En Mars 1899, Amédée Leger décide le départ de sa famille vers la France, qui s’installe à Pau. Cet exil fait suite à l’élection en 1897 de Hégésippe Légitimus, premier député de couleur puis président du Conseil général, qui fut à la tête d’un mouvement très vindicatif, qui promettait des jours sombres aux familles de colons.
L’adaptation est difficile et le cadre de la vie métropolitaine décevant, mais Alexis poursuit ses études secondaires et ce, jusqu’à l’obtention du baccalauréat.
En 1902, à Pau, il rencontre le poète Francis Jammes qui aura une certaine influence sur lui et son oeuvre « Images à crusoé ». Il se lie également d’amitié avec Gustave-Adolphe Monod.
En 1904 , il obtient le baccalauréat avec mention et poursuit ses études à Bordeaux en droit, où il suit également des cours de médecine, de Sciences et de Lettres, répondant là à sa curiosité intellectuelle, sa soif de savoir. Il se lie avec le petit cercle littéraire et artistique constitué par Gabriel Frizeau, viticulteur bordelais lettré et esthète. C’est chez Frizeau qu’il rencontre Paul Claudel, ou encore le peintre Odilon Redon.
En 1905, il effectue son service militaire au 18e régiment d’infanterie de Pau.
En 1906, Saint John Perse débute d’une licence de philosophie. Lecture de Nietzsche et Spinoza. Rencontre de Jacques Rivière.
La mort de son père en 1907, est très douloureusement pour Alexis, alors âgé de vingt ans.Compte tenu de la toute nouvelle situation matérielle de la famille, il est contraint d’interrompre ses études et prend en charge la subsistance des Leger. Il traversera ce qu’il nomme une « crise philosophique et spirituelle » , ce qui l’amènera à reformuler entièrement ses conceptions et les idéaux philosophiques qui se retrouveront dans ses poèmes.
En 1909, il rédige « Images à Crusoé », qu’il publiera dans la Nouvelle Revue Française (NRF). Il revisite le mythe de Robinson Crusoé, le personnage du banni qui vit le retour à la civilisation comme un damné, hanté par le souvenir obsédant de l’île.
En 1910, il obtient sa licence de droit.
Le 1er Juin 1911, publication de la première version d’Eloges à la NRF.
1912, publication d’Eloges en volume aux éditions de la NRF. Sous la recommandation de Paul Claudel notamment et encouragé par Arthur Fontaine, Secrétaire général du Ministère du Travail, il est introduit dans le milieu de Ministère des Affaires Etrangères (surtout auprès de Philippe Berthelot), dont il décide de préparer le concours d’entrée.
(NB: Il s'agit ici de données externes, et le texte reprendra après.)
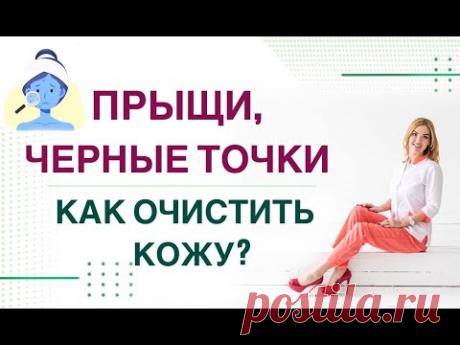 ❤️ ПРЫЩИ, ЧЕРНЫЕ ТОЧКИ… КАК ОЧИСТИТЬ КОЖУ❓ ГОРМОНЫ И КОЖА Врач эндокринолог, диетолог Ольга Павлова.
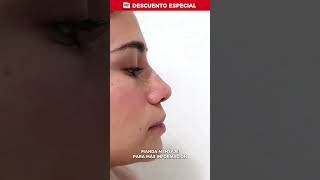 ANTES Y DESPUÉS RINOMODELACIÓN BuenFin2024 rinomodelacion rinoplastia belleza antesydespues [upl. by Ilbert]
Fréquents voyages au cours de ces années, en Espagne, en Allemagne, en Angleterre (Londres principalement, où il séjourne longtemps en 1912).
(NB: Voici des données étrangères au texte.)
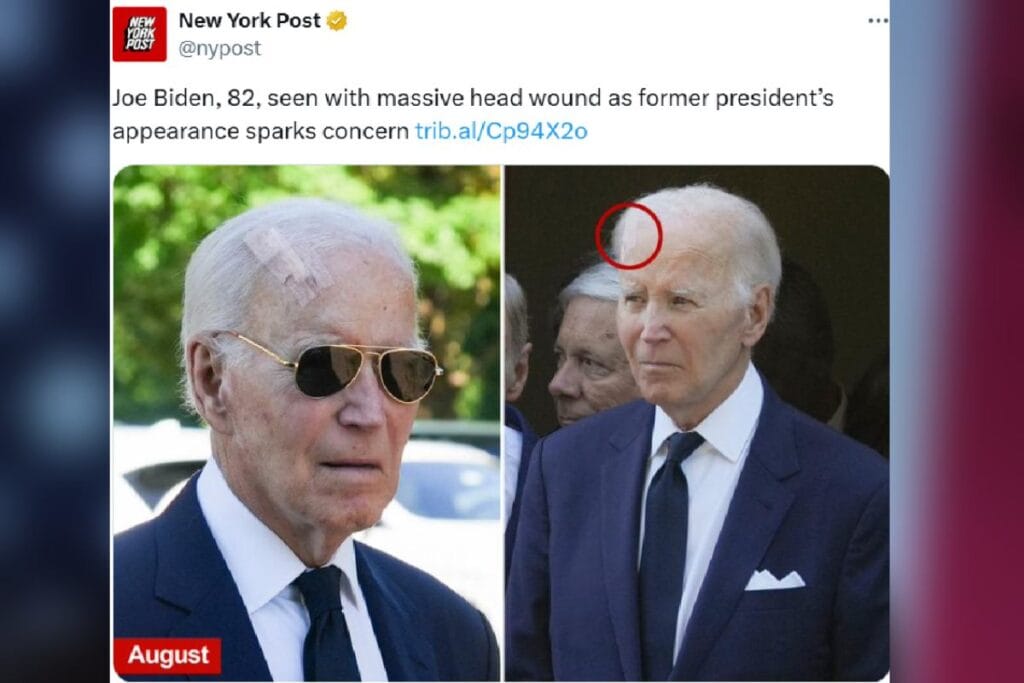 joe biden in kafasinda buyuk bir yara var ne oldugu biliniyor ciddi bir hastalik 9206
En 1914, il réussit le concours d’entrée aux Affaires étrangères – en limite d’age.
En 1915, il est rattaché au service de propagande créé par le gouvernement pour la presse étrangère : la « Maison de la Presse », à laquelle est également rattaché,Cocteau, Giraudoux et Paul Morand.
En 1916, il est nommé Secrétaire d’ambassade à la Légation de France à Pékin.
En 1921, Alexis Leger participe en qualité d’expert politique à la Conférence internationale de Washington sur la limitation des armements et les questions d’Extrême-Orient. C’est à cette occasion qu’il est remarqué par son ministre, Aristide Briand qui va en faire son bras droit.
1922, de retour à l’administration centrale du Quai d’Orsay, il s’occupe de la sous-direction Asie-Océanie de la Direction des Affaires politiques et commerciales. Autour du petit cercle formé par les premiers écrivains de la NRF (Gide, Valéry, Rivière, Fargue), Leger participe à l’effervescence littéraire que fédère Adrienne Monnier dans le sillage de sa librairie de la rue de l’Odéon, « La Maison des Amis des Livres ». Il poursuit également sa pratique de la vie musicale parisienne, est lié à Stravinski, Nadia Boulanger et le « Groupe des Six ». Darius Milhaud met en musique le chant V d’Eloges. Louis Durey fera de même avec Images à Crusoé et Eloges.
En 1924, « Anabase » est publié dans la NRF. C’est la première fois qu’apparaît le pseudonyme de Saint-John Perse. Il est fait chevalier de la Légion d’honneur.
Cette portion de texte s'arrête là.